◆ DATA SHOWN
[Start of Attachment]

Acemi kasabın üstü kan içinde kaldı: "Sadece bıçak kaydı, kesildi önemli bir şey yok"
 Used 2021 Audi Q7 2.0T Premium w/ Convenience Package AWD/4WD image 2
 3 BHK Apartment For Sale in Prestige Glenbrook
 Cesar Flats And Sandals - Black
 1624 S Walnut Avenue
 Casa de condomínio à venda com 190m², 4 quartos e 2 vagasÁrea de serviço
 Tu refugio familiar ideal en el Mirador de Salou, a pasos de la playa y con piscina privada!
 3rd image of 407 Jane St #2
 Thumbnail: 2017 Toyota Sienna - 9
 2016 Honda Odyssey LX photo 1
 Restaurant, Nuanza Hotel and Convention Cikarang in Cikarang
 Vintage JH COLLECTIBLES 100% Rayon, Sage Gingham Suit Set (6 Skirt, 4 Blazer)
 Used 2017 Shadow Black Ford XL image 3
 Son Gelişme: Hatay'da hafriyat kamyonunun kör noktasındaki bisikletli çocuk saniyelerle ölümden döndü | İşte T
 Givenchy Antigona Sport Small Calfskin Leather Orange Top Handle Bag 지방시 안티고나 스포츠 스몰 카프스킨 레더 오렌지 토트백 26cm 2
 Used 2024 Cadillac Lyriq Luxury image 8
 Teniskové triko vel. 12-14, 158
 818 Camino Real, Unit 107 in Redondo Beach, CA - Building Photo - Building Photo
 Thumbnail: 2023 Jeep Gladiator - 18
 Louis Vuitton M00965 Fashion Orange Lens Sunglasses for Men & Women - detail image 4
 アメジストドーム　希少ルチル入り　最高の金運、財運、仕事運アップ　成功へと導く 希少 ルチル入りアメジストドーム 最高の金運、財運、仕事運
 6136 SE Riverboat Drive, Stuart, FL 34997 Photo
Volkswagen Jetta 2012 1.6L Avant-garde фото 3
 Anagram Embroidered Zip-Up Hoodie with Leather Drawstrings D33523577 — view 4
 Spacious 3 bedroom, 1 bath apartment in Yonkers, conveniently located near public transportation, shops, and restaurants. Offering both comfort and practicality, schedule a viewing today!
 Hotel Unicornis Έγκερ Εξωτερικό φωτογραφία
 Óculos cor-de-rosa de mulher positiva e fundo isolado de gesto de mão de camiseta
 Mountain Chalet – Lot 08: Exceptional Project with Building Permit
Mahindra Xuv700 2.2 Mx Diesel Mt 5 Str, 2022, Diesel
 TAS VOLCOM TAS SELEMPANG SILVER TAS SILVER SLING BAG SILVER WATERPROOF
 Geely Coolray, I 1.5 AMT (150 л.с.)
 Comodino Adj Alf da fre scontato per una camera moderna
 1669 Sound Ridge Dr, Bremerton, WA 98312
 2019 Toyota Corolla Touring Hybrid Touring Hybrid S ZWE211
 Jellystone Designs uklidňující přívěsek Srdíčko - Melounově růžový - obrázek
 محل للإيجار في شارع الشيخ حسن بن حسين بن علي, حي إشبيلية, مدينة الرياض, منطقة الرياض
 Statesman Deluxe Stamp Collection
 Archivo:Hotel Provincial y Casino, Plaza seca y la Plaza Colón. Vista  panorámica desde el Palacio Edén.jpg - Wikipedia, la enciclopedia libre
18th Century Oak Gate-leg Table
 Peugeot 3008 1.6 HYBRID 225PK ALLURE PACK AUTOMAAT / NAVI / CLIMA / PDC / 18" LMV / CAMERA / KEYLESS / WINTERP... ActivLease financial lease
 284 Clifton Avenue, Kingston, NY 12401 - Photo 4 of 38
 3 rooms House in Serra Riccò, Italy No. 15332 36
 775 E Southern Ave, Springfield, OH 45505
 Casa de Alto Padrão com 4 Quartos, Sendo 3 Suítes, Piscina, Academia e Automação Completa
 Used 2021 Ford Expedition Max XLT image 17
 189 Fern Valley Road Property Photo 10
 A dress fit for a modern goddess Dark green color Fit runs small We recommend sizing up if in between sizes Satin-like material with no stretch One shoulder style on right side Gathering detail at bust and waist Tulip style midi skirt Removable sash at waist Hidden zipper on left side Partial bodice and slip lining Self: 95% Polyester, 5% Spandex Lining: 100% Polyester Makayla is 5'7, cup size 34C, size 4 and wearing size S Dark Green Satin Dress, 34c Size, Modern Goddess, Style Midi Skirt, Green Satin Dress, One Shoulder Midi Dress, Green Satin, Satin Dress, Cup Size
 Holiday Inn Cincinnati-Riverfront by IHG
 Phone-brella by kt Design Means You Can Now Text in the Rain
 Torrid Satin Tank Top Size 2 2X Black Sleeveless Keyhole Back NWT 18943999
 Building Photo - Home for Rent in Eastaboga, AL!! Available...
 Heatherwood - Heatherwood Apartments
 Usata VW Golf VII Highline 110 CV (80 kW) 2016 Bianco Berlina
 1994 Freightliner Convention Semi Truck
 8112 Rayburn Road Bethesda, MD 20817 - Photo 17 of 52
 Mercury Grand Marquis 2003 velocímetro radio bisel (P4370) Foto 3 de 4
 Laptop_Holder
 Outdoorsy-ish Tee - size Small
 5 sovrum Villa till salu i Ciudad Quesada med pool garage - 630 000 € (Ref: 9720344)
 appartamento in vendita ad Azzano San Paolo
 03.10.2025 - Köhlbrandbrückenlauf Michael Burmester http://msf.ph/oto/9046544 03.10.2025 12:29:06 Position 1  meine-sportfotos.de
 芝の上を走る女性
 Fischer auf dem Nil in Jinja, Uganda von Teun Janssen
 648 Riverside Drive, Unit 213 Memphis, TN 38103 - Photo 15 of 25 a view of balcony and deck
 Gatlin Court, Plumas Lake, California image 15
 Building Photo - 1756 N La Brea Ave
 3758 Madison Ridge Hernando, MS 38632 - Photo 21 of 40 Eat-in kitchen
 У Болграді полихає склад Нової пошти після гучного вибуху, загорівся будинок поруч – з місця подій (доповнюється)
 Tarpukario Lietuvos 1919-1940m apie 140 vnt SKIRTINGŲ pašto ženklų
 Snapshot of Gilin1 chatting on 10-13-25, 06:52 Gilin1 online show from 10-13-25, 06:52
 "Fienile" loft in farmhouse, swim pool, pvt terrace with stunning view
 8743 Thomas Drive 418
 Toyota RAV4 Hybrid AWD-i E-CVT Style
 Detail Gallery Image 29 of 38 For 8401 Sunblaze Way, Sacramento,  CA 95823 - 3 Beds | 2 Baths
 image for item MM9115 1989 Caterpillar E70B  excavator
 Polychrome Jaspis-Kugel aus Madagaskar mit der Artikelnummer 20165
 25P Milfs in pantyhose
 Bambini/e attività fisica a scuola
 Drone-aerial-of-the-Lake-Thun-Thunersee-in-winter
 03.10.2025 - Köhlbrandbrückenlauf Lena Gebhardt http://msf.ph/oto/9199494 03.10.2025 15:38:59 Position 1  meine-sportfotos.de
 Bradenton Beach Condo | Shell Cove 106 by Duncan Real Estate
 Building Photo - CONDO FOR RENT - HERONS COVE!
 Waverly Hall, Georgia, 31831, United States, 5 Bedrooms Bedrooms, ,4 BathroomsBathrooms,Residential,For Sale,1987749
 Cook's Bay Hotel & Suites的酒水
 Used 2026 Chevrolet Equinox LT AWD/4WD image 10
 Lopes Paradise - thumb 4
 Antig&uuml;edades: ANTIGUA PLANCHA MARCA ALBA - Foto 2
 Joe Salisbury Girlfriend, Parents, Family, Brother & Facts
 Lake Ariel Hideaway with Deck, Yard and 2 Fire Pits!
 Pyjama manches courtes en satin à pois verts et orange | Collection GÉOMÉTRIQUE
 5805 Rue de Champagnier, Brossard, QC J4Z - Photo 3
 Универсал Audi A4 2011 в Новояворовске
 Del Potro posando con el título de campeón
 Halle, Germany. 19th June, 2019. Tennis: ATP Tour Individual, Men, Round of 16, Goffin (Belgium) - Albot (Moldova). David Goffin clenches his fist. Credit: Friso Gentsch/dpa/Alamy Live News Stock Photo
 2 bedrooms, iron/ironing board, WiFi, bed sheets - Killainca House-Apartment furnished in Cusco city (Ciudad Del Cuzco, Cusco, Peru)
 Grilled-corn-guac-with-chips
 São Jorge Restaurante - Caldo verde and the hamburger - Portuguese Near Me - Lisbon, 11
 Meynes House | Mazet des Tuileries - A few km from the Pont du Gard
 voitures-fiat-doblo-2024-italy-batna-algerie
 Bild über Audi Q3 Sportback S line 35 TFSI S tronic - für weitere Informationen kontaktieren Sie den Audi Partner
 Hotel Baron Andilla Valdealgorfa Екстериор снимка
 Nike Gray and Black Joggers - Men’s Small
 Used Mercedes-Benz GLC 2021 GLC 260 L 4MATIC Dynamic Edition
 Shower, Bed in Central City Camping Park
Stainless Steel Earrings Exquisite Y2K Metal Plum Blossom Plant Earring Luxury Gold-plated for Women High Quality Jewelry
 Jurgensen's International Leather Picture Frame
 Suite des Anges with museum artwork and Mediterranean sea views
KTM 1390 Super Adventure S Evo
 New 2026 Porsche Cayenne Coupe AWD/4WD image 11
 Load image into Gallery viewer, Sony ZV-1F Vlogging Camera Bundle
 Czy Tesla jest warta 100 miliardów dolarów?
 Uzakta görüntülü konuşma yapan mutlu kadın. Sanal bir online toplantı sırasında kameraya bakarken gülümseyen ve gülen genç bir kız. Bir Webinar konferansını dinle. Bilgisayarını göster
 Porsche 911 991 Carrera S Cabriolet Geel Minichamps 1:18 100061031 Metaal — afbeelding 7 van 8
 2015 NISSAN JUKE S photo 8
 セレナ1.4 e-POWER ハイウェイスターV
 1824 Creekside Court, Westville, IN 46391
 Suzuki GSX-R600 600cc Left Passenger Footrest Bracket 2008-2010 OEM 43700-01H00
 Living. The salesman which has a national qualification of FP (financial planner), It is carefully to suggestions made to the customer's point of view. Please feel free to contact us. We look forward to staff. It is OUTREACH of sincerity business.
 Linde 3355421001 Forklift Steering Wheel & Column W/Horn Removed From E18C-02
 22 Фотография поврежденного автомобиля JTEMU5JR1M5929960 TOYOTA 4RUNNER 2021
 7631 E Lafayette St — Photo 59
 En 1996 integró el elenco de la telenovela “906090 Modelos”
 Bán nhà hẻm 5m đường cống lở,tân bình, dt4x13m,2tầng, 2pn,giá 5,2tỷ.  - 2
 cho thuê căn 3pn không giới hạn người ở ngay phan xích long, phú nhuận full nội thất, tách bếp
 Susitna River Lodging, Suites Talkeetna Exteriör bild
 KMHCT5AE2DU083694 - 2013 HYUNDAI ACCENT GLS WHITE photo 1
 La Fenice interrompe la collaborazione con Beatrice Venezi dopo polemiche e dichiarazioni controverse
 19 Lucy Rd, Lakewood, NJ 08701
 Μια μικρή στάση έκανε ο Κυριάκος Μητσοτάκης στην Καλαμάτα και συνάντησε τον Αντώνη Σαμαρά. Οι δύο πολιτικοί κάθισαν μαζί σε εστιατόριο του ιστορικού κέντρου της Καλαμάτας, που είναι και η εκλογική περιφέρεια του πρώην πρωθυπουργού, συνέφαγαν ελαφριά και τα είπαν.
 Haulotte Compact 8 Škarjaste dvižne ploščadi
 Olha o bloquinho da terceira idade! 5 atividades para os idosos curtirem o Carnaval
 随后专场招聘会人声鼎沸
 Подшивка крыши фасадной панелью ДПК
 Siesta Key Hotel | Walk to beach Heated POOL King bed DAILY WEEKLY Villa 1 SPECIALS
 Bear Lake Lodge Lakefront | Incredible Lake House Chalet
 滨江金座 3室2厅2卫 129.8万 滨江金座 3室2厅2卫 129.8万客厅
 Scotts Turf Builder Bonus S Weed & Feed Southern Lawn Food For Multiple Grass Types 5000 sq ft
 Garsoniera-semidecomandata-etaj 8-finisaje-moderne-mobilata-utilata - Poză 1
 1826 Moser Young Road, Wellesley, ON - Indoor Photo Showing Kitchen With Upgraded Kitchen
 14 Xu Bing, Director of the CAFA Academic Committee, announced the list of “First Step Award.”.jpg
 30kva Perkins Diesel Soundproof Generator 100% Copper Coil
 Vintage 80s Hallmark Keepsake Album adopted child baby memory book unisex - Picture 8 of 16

[End of Attachment]

◆ TO DO
All lines in the listing above between the line with "En 1996 integró" and the line with "Подшивка крыши фасадной панелью ДПК", inclusive, should be set down exactly, and no line outside that range.

◆ RESULT OF THIS EXERCISE
 En 1996 integró el elenco de la telenovela “906090 Modelos”
 Bán nhà hẻm 5m đường cống lở,tân bình, dt4x13m,2tầng, 2pn,giá 5,2tỷ.  - 2
 cho thuê căn 3pn không giới hạn người ở ngay phan xích long, phú nhuận full nội thất, tách bếp
 Susitna River Lodging, Suites Talkeetna Exteriör bild
 KMHCT5AE2DU083694 - 2013 HYUNDAI ACCENT GLS WHITE photo 1
 La Fenice interrompe la collaborazione con Beatrice Venezi dopo polemiche e dichiarazioni controverse
 19 Lucy Rd, Lakewood, NJ 08701
 Μια μικρή στάση έκανε ο Κυριάκος Μητσοτάκης στην Καλαμάτα και συνάντησε τον Αντώνη Σαμαρά. Οι δύο πολιτικοί κάθισαν μαζί σε εστιατόριο του ιστορικού κέντρου της Καλαμάτας, που είναι και η εκλογική περιφέρεια του πρώην πρωθυπουργού, συνέφαγαν ελαφριά και τα είπαν.
 Haulotte Compact 8 Škarjaste dvižne ploščadi
 Olha o bloquinho da terceira idade! 5 atividades para os idosos curtirem o Carnaval
 随后专场招聘会人声鼎沸
 Подшивка крыши фасадной панелью ДПК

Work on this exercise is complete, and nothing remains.